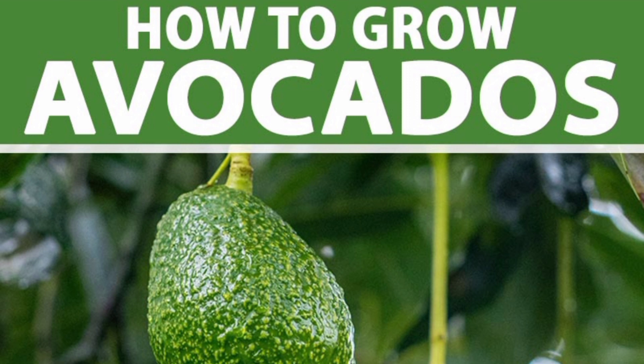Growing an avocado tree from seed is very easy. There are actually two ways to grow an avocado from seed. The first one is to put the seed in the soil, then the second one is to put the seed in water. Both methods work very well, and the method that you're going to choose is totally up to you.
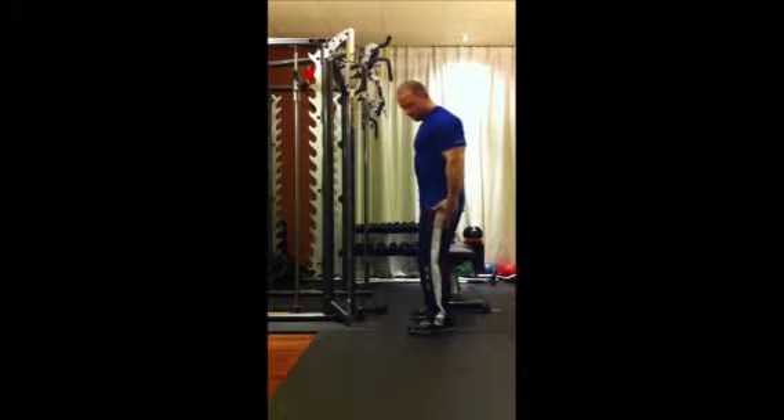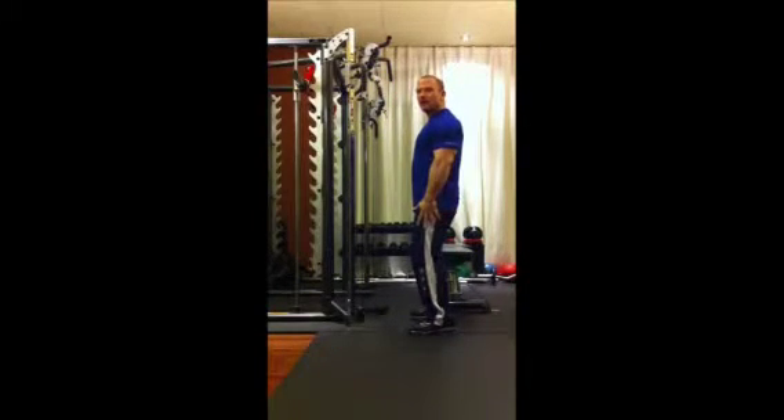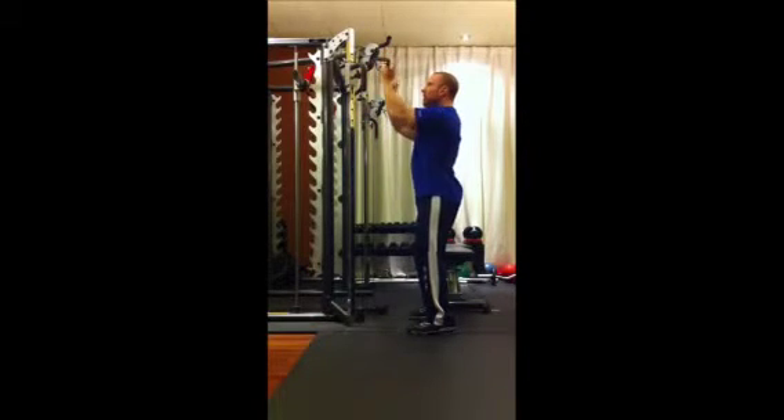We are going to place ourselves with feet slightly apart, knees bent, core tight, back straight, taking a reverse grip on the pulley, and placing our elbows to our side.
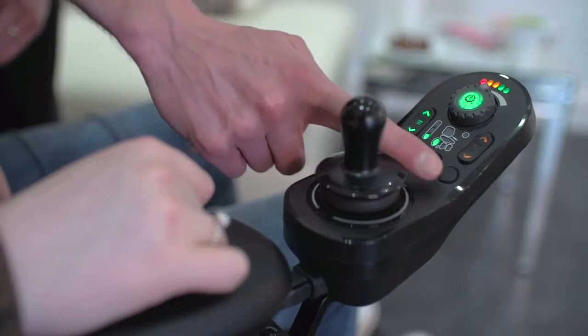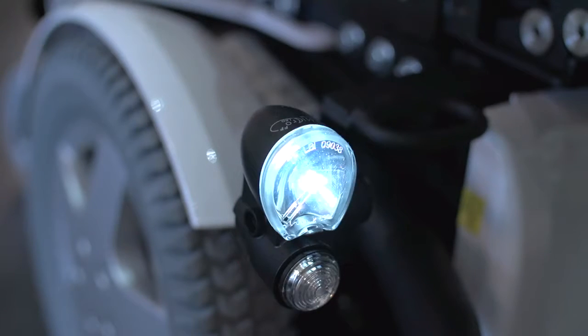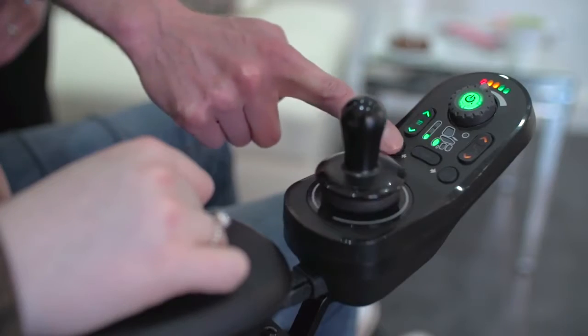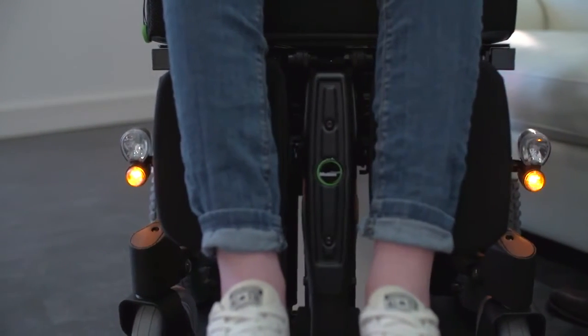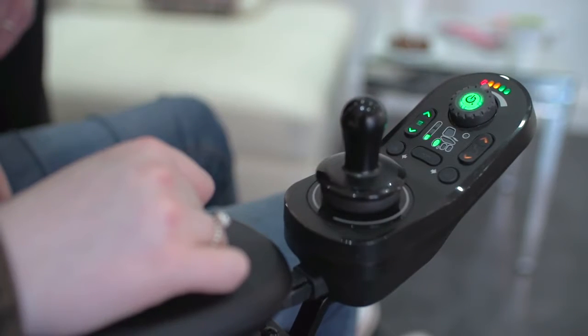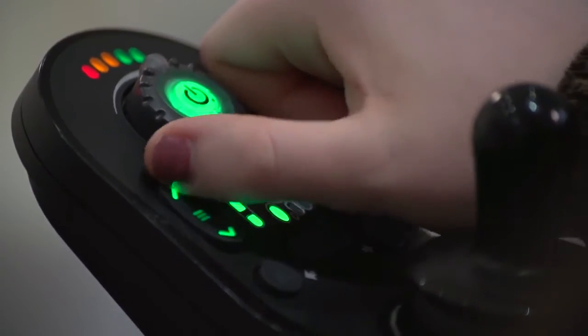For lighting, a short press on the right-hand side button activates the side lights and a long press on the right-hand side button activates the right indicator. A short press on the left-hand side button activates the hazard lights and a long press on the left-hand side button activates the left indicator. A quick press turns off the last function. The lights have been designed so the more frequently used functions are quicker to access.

---

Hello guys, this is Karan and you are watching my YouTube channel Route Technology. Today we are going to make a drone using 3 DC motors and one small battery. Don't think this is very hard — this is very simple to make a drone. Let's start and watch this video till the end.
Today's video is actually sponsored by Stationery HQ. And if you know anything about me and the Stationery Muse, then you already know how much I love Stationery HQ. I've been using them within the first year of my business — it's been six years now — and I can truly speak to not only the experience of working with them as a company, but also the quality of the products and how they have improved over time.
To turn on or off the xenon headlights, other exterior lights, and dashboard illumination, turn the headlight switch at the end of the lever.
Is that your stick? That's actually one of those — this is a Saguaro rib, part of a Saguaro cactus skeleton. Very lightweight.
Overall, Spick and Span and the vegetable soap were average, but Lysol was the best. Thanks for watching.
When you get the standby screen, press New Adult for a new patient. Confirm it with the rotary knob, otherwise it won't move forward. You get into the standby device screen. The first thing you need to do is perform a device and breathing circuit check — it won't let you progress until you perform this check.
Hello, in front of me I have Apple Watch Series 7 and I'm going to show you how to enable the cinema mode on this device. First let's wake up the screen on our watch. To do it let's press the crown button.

==

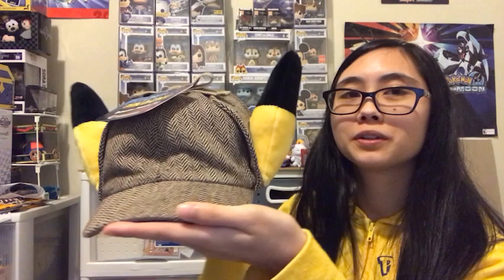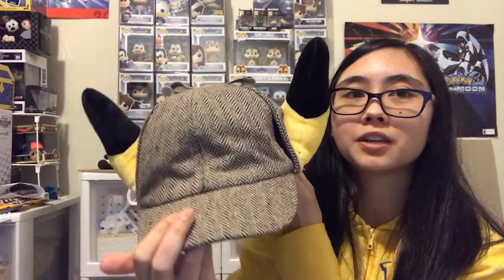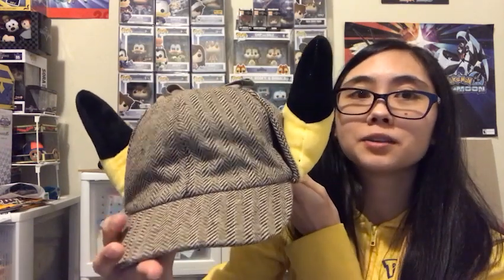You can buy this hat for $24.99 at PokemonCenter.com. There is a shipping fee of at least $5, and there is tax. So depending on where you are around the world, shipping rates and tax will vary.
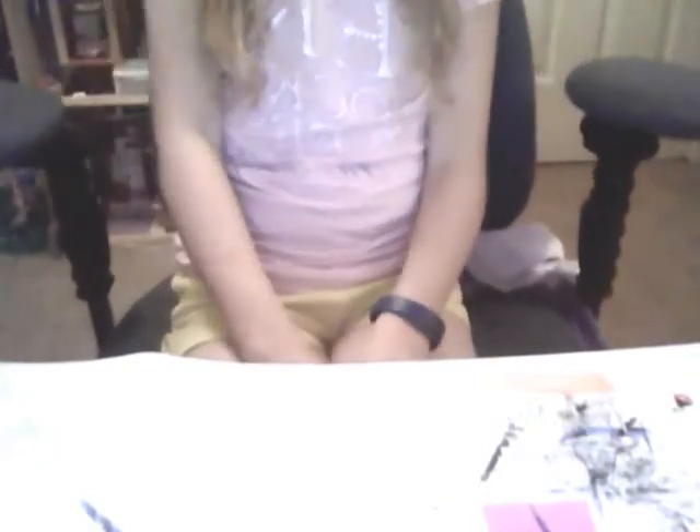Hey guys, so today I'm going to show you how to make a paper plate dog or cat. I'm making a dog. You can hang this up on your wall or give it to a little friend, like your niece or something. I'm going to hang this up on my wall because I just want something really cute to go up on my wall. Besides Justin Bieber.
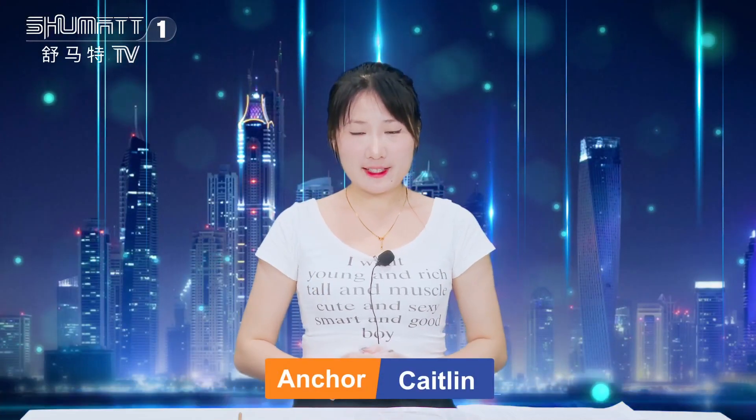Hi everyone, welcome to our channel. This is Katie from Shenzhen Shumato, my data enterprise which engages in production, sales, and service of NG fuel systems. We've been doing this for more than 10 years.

Your instructions
When a line above contains the string "Hello", copy that line.

Written solution
Hello guys, this is Karan and you are watching my YouTube channel Route Technology. Today we are going to make a drone using 3 DC motors and one small battery. Don't think this is very hard — this is very simple to make a drone. Let's start and watch this video till the end.
Hello, in front of me I have Apple Watch Series 7 and I'm going to show you how to enable the cinema mode on this device. First let's wake up the screen on our watch. To do it let's press the crown button.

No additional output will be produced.